The partnership between these auto giants will start in 2022, with the sale of commercial vans and medium-sized pickup trucks. Ford will develop and manufacture medium-sized pickups for both companies. Moreover, Ford will produce larger commercial vans to cater to European customers while Volkswagen will develop its commercial vans at Ford’s hub in Turkey. Ford expects that jointly developing trucks and vans will add up to $500 million in yearly pre-tax profit, beginning from 2023.
In recent times, the automotive industry is experiencing numerous changes, owing to stringent emission regulation, extensive developments for electric and autonomous vehicle technologies, and a continuous consumer shifting trend toward pickup trucks and SUVs. These changes compelled automakers to heavily invest on such developments and line up their portfolio with products that customers prefer. Amid such challenging conditions, collaborating with peers seems to be a good plan.
Ford Motor Company Price and Consensus
Despite such a forward-looking collaboration, shares of Ford have plunged roughly 1.7% in a day’s trading on Jan 15. The dip in share price can be attributed to the lack of joint investment plans for electric vehicles and self-driving cars, per Bloomberg. Investors were looking for massive development program announcements, similar to General Motor Company’s announcement in the last year. Deals that can offer greater savings while developing vehicle technology, as well as combining forces in non-profitable markets, can cut costs for the companies.
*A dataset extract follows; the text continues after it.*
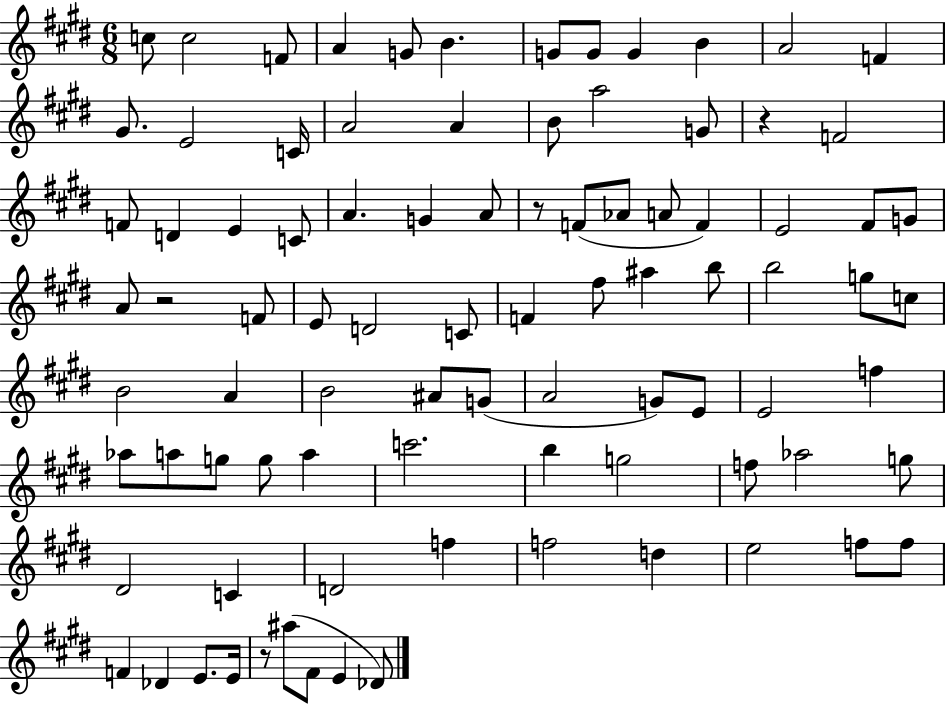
C5/e C5/h F4/e A4/q G4/e B4/q. G4/e G4/e G4/q B4/q A4/h F4/q G#4/e. E4/h C4/s A4/h A4/q B4/e A5/h G4/e R/q F4/h F4/e D4/q E4/q C4/e A4/q. G4/q A4/e R/e F4/e Ab4/e A4/e F4/q E4/h F#4/e G4/e A4/e R/h F4/e E4/e D4/h C4/e F4/q F#5/e A#5/q B5/e B5/h G5/e C5/e B4/h A4/q B4/h A#4/e G4/e A4/h G4/e E4/e E4/h F5/q Ab5/e A5/e G5/e G5/e A5/q C6/h. B5/q G5/h F5/e Ab5/h G5/e D#4/h C4/q D4/h F5/q F5/h D5/q E5/h F5/e F5/e F4/q Db4/q E4/e. E4/s R/e A#5/e F#4/e E4/q Db4/e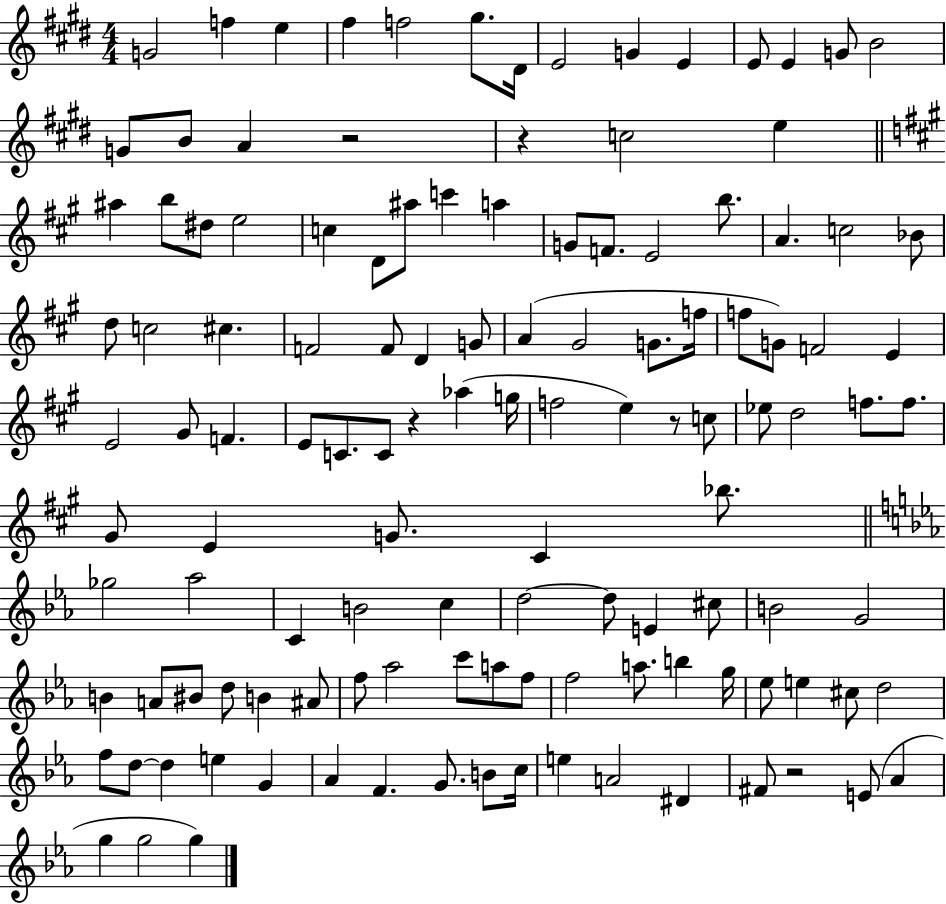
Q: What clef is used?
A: treble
Currently, Ford is struggling with challenging conditions across all major markets. In the United States, high tariff-related costs on raw materials imported from China are hurting its profit margins. Apart from the United States, the economic slowdown in China and struggling business in Europe are other regional headwinds for Ford.
Over the past three months, shares of Ford’s have gained 0.5% compared with the industry’s increase of 10.2%.
Zacks Rank & Stocks to Consider
Ford currently carries a Zacks Rank #3 (Hold). Some better-ranked stocks in the broader auto sector are Bridgestone Corporation (BRDCY - Free Report) , Dana Incorporated (DAN - Free Report) and Magna International Inc. (MGA - Free Report) ), each currently carrying a Zacks Rank #2 (Buy). You can see the complete list of today’s Zacks #1 Rank (Strong Buy) stocks here.
Bridgestone has an expected long-term growth rate of 4.7%. Share price of the company has increased 1% in the past three months.
Dana has an expected long-term growth rate of 2.9%. Over the past month, shares of the company have gained 20.1%.
Magna has an expected long-term growth rate of 8.5%. Shares of the company have gained 2.5% in the past three months.